JS: These measures were submitted to a database of measurements that I and several other key users of the method have compiled over the last five years or so. In total, the database now has more than 10,000 measures submitted by over 130 researchers. I am super-grateful to all these contributors without whom the paper would never have happened. It is a great resource and shows the power of scientists coming together to share data to answer questions that can’t be answered in individual studies. The data generally includes people recruited into studies in control groups that are not manipulated. These are a pretty representative group. Their body mass index (BMI) distribution can be accessed in Figure 1 of the supplementary materials in the paper.  

MC: You found that activity expenditure has increased and that the decline in overall energy expenditure is due to a reduction in the energy expenditure we spend at rest. Can you explain how you formed this conclusion?

JS: For approximately 1,500 of the subjects, we not only had TEE data but also BEE data, and so by making an assumption about diet-induced thermogenesis we could calculate activity energy expenditure. We then adjusted these measurements for differences in body weight and age and looked at how the adjusted values changed over time. We found that TEE has declined by ~6% over the last 30 years or so. That would be consistent with the idea that activity energy expenditure has fallen, but the big surprise was that, actually, this went up, and it was BEE that had declined.

MC: It isn’t clear why the amount of energy we use while resting has declined. Do you have any hypotheses that you can share?

JS: Nobody had previously suggested that changes in BEE would be important, so it is understudied. There are several potential causes. First, we know that people who smoke have greater BEE, so maybe the reduction in smoking is important. Second, there may have been an increase in climate control in our living spaces that buffers us from any environmental effects. In mice, for example, it is known that if you keep them in the cold their BEE measured in the warm is higher than those kept always in the warm. Maybe then reduced exposure to cold is a factor.

Third, some studies suggest that high disease burdens also elevate BEE, so maybe a reduced risk of infectious disease has been a factor (all the measures were obtained pre-COVID-19). Finally, there are many dietary factors that may be important.
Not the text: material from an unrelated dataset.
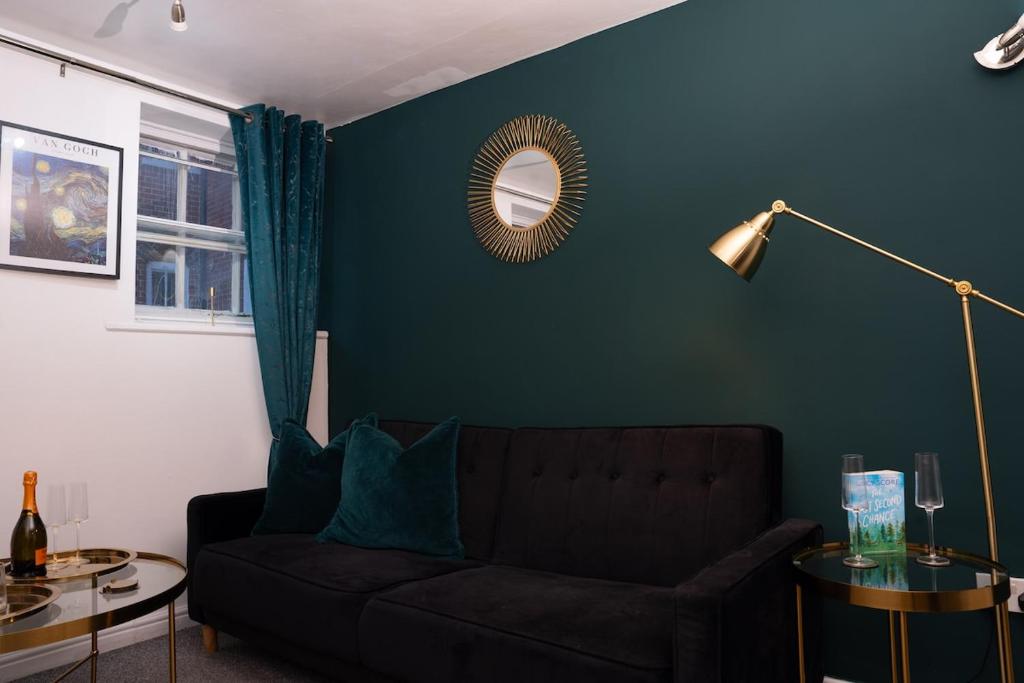 Apartment In The Heart Of Canterbury - Appartement 1 Chambre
In the paper we included a mouse study conducted by colleagues at Yale University, which suggested that intake of saturated fats could be an important driver of adjusted BEE. But basically, we don’t know what the cause is at the moment.

MC: What potential impacts do you believe this research could have? Do you have plans to conduct further studies?

JS: The magnitude of the effect of BEE is sufficient in mathematical models to explain the obesity increase. That doesn’t prove it was responsible, only that it could have been. It also suggests then that if we can reverse the fall, maybe that will contribute to reversing the epidemic. First, however, we have to find out what caused the fall. We have lots of studies planned that have come out of this work.

MC: Are there any limitations to this study that you wish to highlight? If so, how would you look to improve on these?

JS: The main limits are that we don’t have enough data on the individuals to reconstruct what may have been the causal factors. For example, we have no data on their diets, smoking status or infectious disease status, etc. Second, we can only speculate if this change is a driver of the epidemic. The data are cross-sectional and the link to expanding obesity levels is only a correlation.

Reference: Speakman JR, de Jong JMA, Sinha S, et al. Total daily energy expenditure has declined over the past three decades due to declining basal expenditure, not reduced activity expenditure. Nat Metab. 2023;5(4):579-588. doi:10.1038/s42255-023-00782-2

Professor John Speakman was speaking to Molly Campbell, Senior Science Writer for Technology Networks.